Give peace a chance

by Chigumbu Warikandwa

The Zimbabwean government  assembled a National Peace and Reconciliation Commission (NPRC) mandated to investigate and make recommendations on past injustices in Zimbabwe. The need to set up this Commission was necessitated by the disquiet brewed by the post independence violence which continues to divide Zimbabweans.

Sporadic violence sparked by armed militia broke after mainly Zipra combatants refused to accept the end of the war and the instruction that all former fighters in the war were to be demobilised and surrender arms of war to the winning government led by Zanu PF which had won the watershed election of February 1980.

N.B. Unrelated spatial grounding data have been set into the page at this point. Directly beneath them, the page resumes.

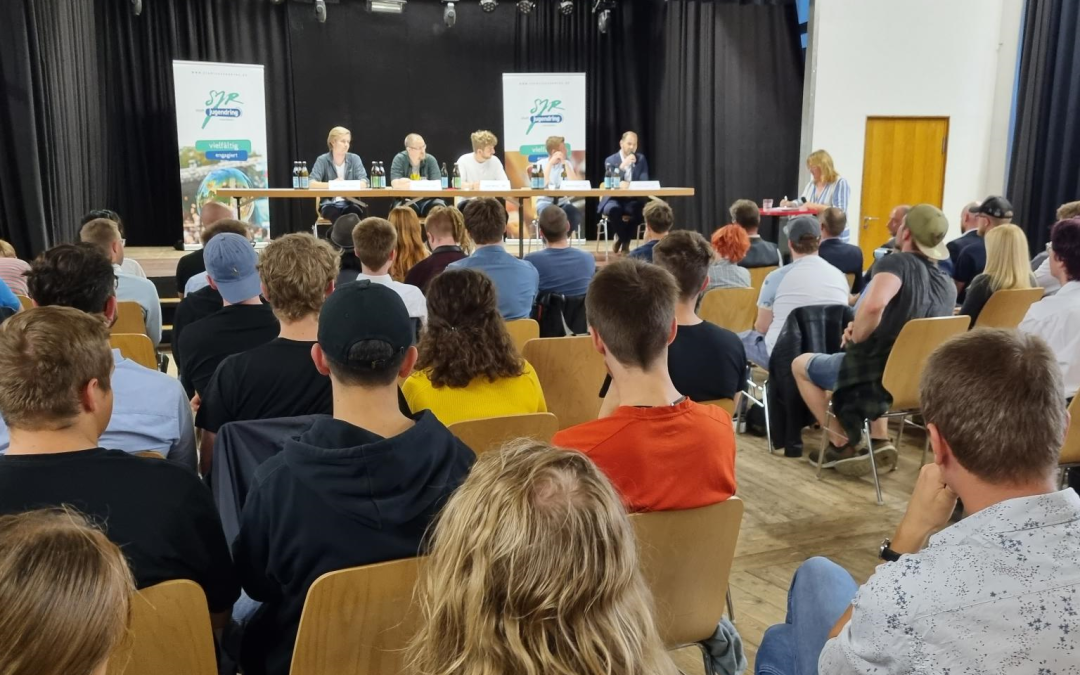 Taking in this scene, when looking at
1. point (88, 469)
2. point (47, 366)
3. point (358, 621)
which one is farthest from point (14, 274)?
point (358, 621)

Refusal by the Zipra combatants to be demobilised was also influenced by their lack of acceptance of loss of the election.

Considering that Zapu felt that they were victims of the disturbances, they cried loudest and continue doing so today. This is despite that violence broke out following their refusal to accept the end of the war. No Government can sit on its laurels knowing the existence of armed militia within its borders.

Countries with a legend of armed civil conflict are home to uncontrolled armed bandits outside government barracks. Such an arrangement cannot sustain continued peace and domestic security.

According to eyewitnesses interviewed by Zenzele Ndebele in his documentary "Gukurahundi Genocide 36 years later", villagers in Matabeleland were also at the receiving end of the former Zipra combatants who harrassed, totured, raped and killed demanding reconnaisance information on the government forces pursuing them.

The irony of the 'dissidents' behavior is they were attacking the population whose political rights they were claiming to protect when they refused to hand in weapons and give sole rights to managing arms to a recognized government. These dissidenrs also took their violence to other provinces far away from Matabeleland. The name Gwesela is synonymous with the word dissident in every of Zimbabwe's 60 districts because he roamed in every village in Zimbabwe before he was put down by the national army. It becomes evident that the dissidents were seeking to make the country ungovernable and distabilize the Government of the day.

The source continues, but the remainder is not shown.